A organização surgiu em julho de 1969, como resultado da fusão do Comando de Libertação Nacional (COLINA), fundada por João Lucas Alves e que tinha entre seus quadros Dilma Rousseff, e a Vanguarda Popular Revolucionária (VPR), liderada por Carlos Lamarca.
A organização foi responsável por inúmeras ações, sendo a mais famosa o roubo ao cofre do ex-governador de São Paulo, Adhemar de Barros. O grupo também foi responsável pela morte do marinheiro inglês David Cuthberg, fato que acabaria provocando a reação do governo militar que perseguiu, assassinou e prendeu os seus principais líderes, provocando o fim da organização.
Em dezembro de 1969, A VAR Palmares planejou o sequestro do então Ministro da Fazenda, Delfim Netto, mas a prisão de membros do grupo acabou abortando o plano.
A Ilha do Presídio
A Ilha das Pedras Brancas já se chamou Ilha do Presídio. Foi depósito de pólvora durante o Império e passou a hospedar prisioneiros a partir de 1956. Na sua história registra muitas tentativas de fuga, mas apenas o apenado Júlio de Castilhos Petinelli conseguiu fugir, em 1983, boiando em duas panelas.

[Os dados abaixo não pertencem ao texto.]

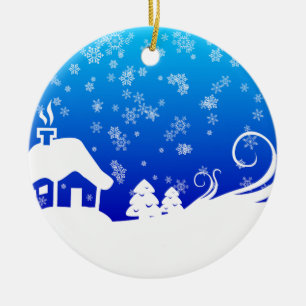 Ornamento De Cerâmica Snowy Day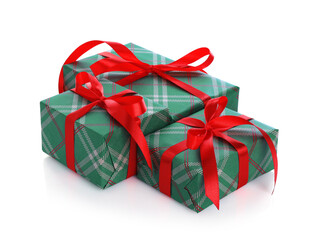 Beautiful gift boxes wrapped in paper with checkered pattern isolated on white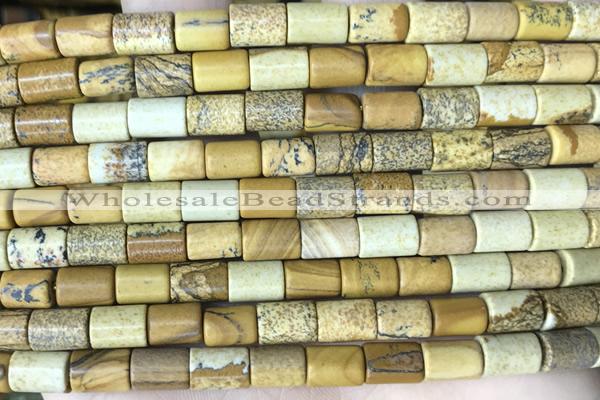 TUBE52 15 inches 6*8mm tube picture jasper gemstone beads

Durante a ditadura, abrigou presos políticos, militantes da luta armada, a exemplo de Claudio Meneguz, que teve como companheiros de cativeiro, entre outros, Raul Pont, Carlos Araújo (marido de Dilma Rousseff), Índio Vargas e José Carlos de Bona Garcia, todos, com exceção de Meneguz, viriam a se destacar na política gaúcha após a anistia e a redemocratização do país.
O fato mais rumoroso envolvendo a Ilha do Presídio entrou para a história como o “Caso das mãos amarradas”, a partir do momento em que o corpo do preso político e ex-sargento do exército Manuel Raymundo Soares foi encontrado boiando no rio Guaíba, com as mãos amarradas e sinais evidentes de tortura. No dia 4 de abril de 1983, o então governador Jair Soares mandou fechar a prisão.